(Saved data entries)

────────

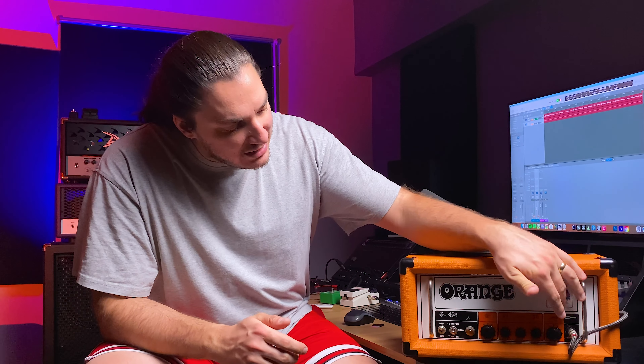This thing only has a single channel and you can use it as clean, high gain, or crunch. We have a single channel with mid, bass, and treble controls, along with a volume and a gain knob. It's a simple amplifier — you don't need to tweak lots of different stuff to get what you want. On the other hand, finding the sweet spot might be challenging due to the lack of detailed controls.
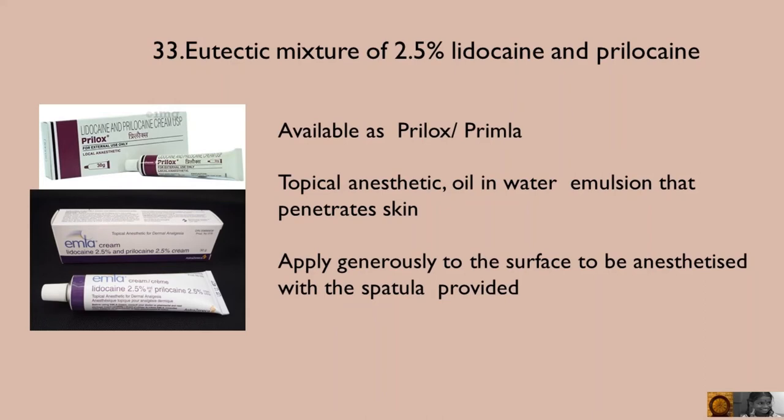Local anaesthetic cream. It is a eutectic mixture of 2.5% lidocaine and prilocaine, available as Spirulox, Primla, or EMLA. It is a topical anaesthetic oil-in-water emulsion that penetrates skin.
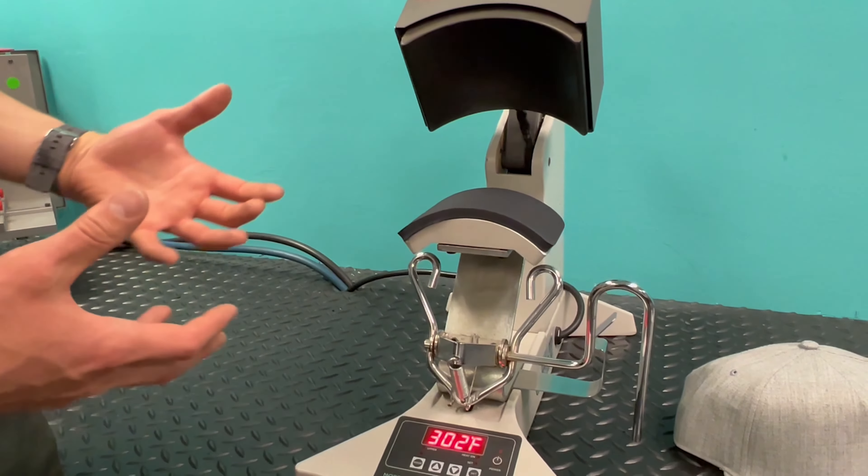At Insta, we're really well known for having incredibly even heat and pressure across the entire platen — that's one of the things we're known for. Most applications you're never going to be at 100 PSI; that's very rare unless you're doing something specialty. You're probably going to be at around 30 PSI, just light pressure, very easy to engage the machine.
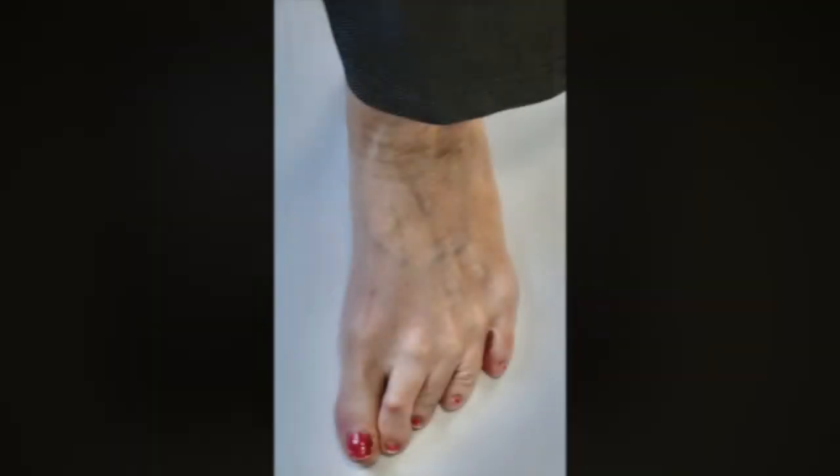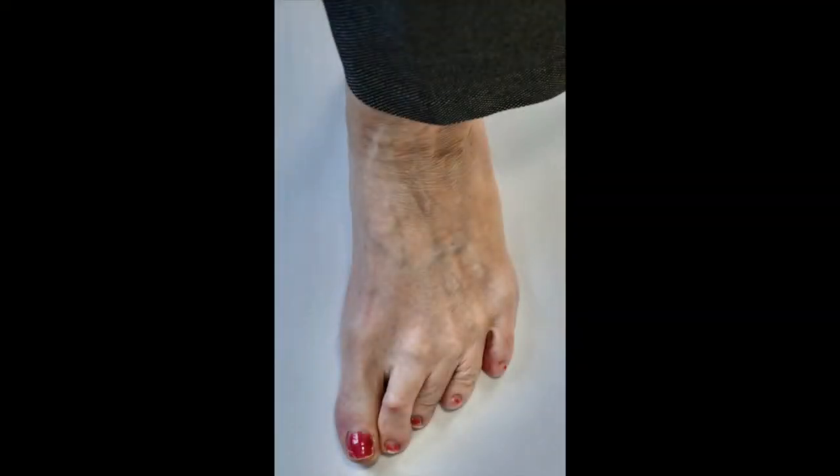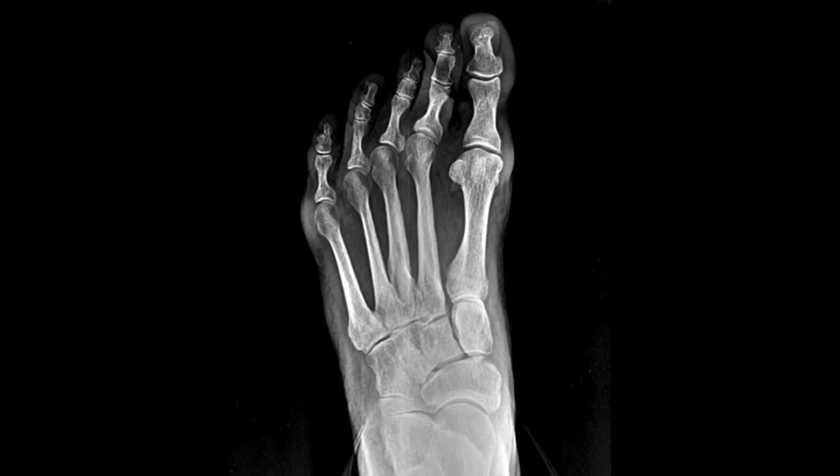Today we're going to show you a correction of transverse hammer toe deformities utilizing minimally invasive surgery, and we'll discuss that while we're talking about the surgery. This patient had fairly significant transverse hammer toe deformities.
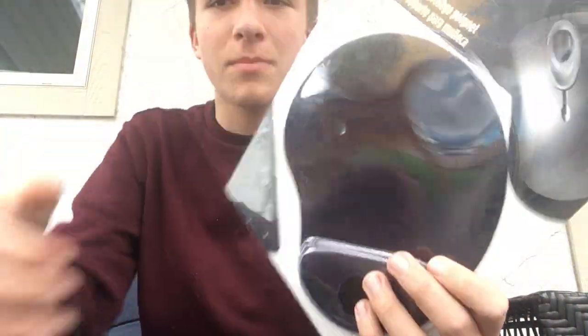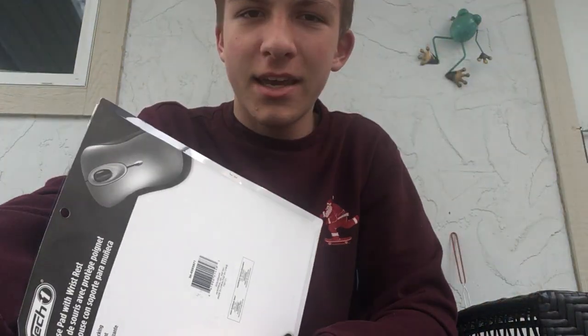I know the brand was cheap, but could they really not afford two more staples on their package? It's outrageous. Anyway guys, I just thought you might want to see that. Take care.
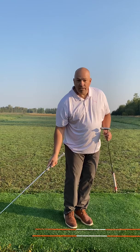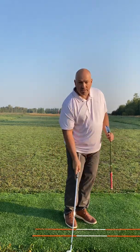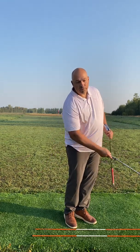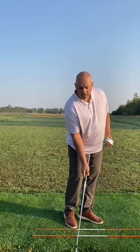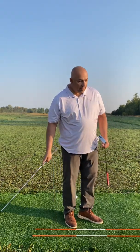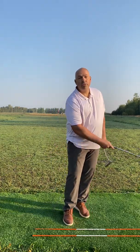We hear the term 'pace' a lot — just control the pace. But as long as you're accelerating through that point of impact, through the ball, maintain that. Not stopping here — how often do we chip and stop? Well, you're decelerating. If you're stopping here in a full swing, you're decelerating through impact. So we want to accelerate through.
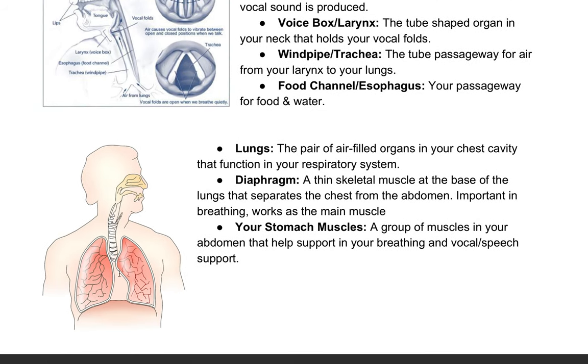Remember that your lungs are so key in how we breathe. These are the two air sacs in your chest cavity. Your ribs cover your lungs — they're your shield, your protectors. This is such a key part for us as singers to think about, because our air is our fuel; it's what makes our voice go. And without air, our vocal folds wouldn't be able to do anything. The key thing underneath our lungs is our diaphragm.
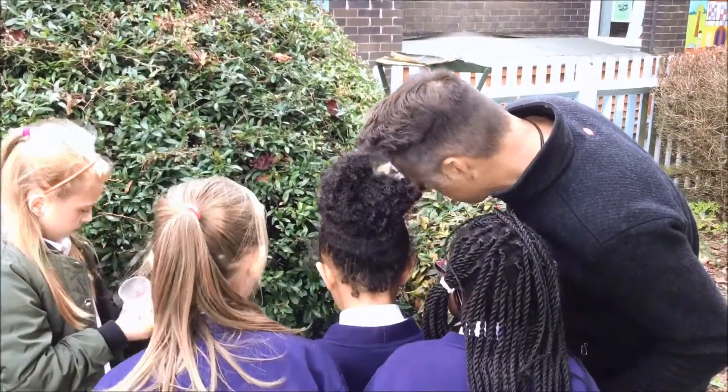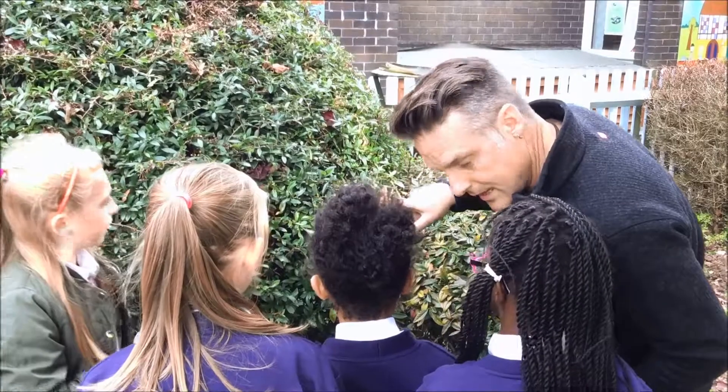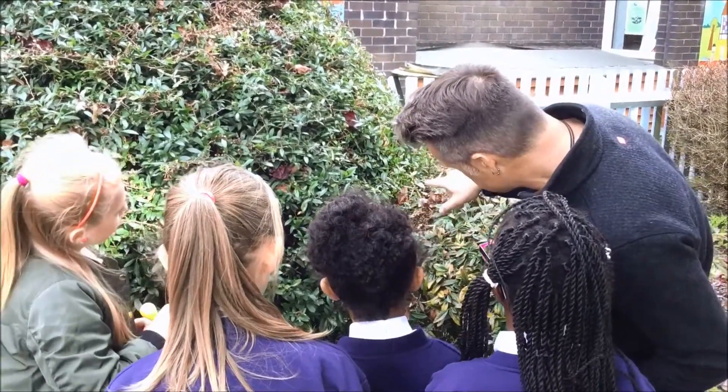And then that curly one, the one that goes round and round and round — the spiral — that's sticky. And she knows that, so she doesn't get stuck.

────────

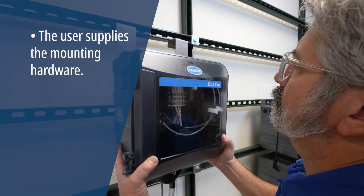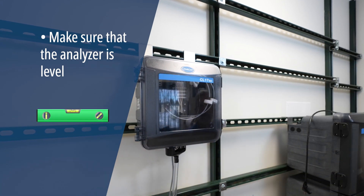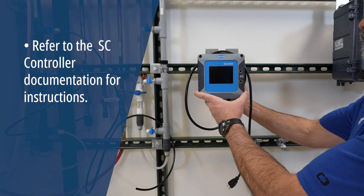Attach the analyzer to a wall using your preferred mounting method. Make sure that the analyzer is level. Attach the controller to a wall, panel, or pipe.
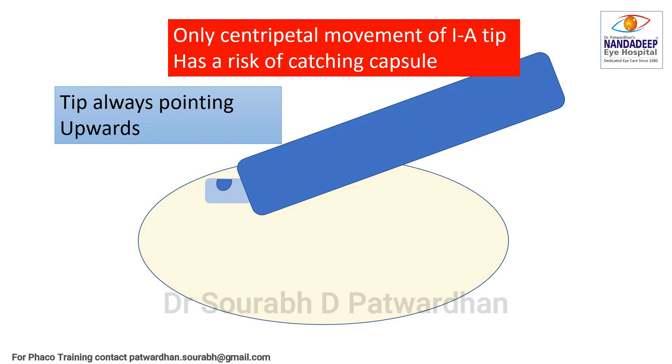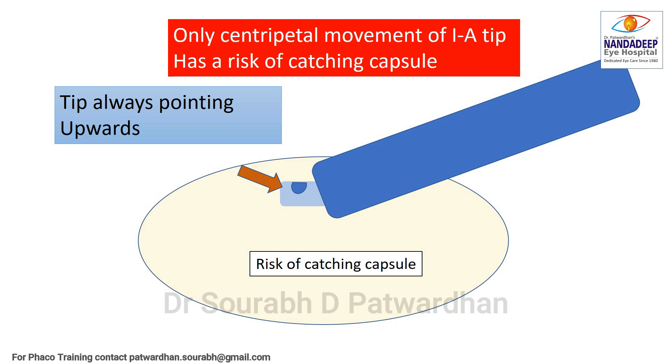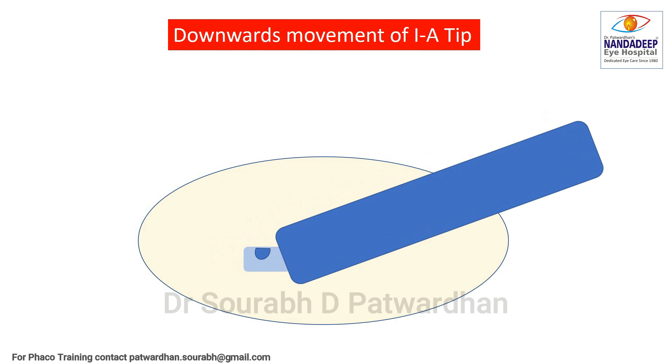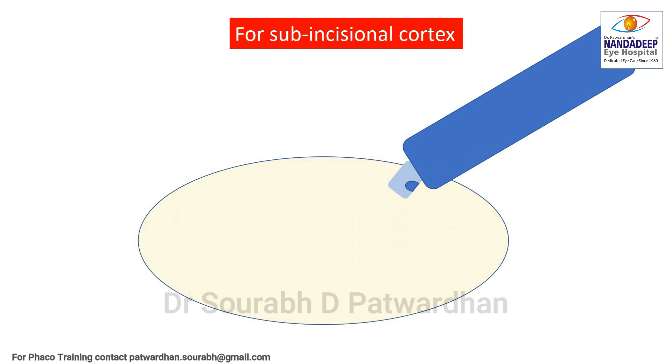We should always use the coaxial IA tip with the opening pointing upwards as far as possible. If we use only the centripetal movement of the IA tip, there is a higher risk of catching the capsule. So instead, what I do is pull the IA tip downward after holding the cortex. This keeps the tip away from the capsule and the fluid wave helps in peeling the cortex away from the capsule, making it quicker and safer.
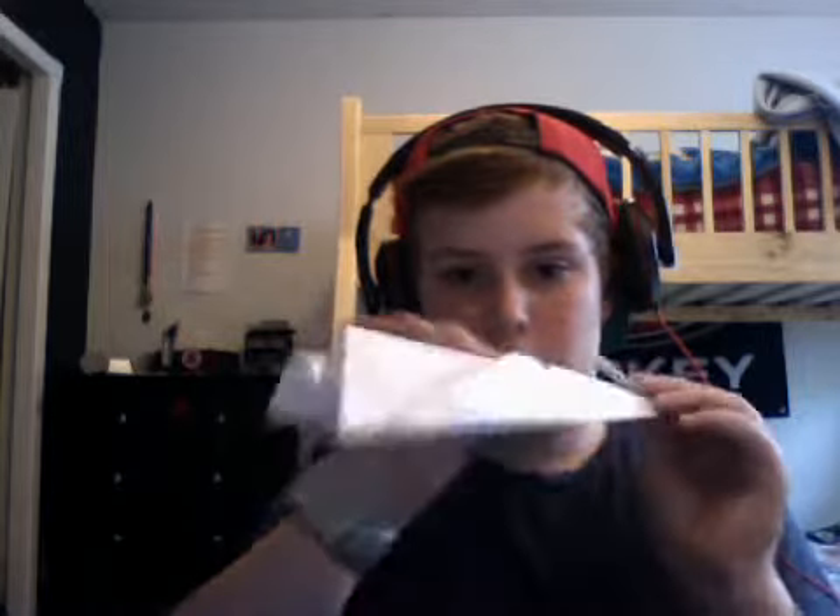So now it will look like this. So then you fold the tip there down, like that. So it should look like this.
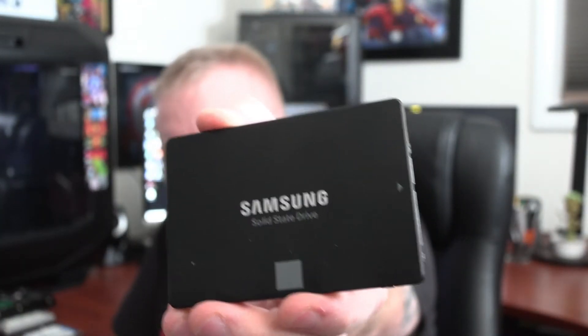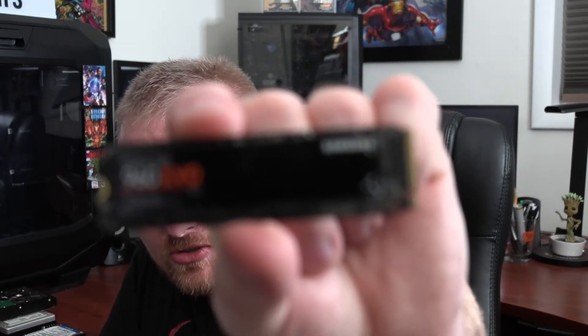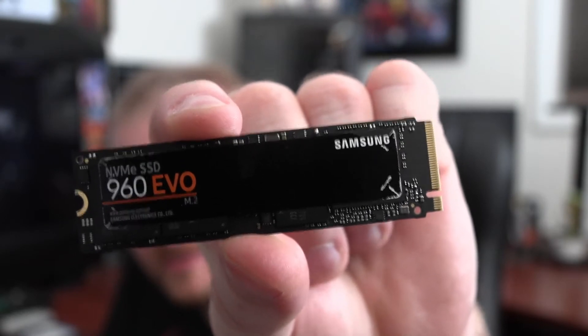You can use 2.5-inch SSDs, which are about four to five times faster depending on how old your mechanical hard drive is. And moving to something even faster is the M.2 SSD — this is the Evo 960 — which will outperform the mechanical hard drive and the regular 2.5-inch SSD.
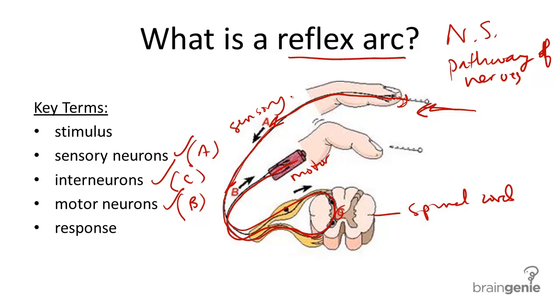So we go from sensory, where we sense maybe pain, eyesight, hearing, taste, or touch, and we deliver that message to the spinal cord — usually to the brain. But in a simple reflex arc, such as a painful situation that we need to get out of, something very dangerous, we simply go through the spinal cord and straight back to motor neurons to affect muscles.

────────

(EXERCISE): Exactly the lines above, from the one containing "You can use 2.5-inch" down to the one containing "So we go from", are to be repeated, including both ends. Pictures are not part of the copy.

(RESULT OF THIS EXERCISE):
You can use 2.5-inch SSDs, which are about four to five times faster depending on how old your mechanical hard drive is. And moving to something even faster is the M.2 SSD — this is the Evo 960 — which will outperform the mechanical hard drive and the regular 2.5-inch SSD.
So we go from sensory, where we sense maybe pain, eyesight, hearing, taste, or touch, and we deliver that message to the spinal cord — usually to the brain. But in a simple reflex arc, such as a painful situation that we need to get out of, something very dangerous, we simply go through the spinal cord and straight back to motor neurons to affect muscles.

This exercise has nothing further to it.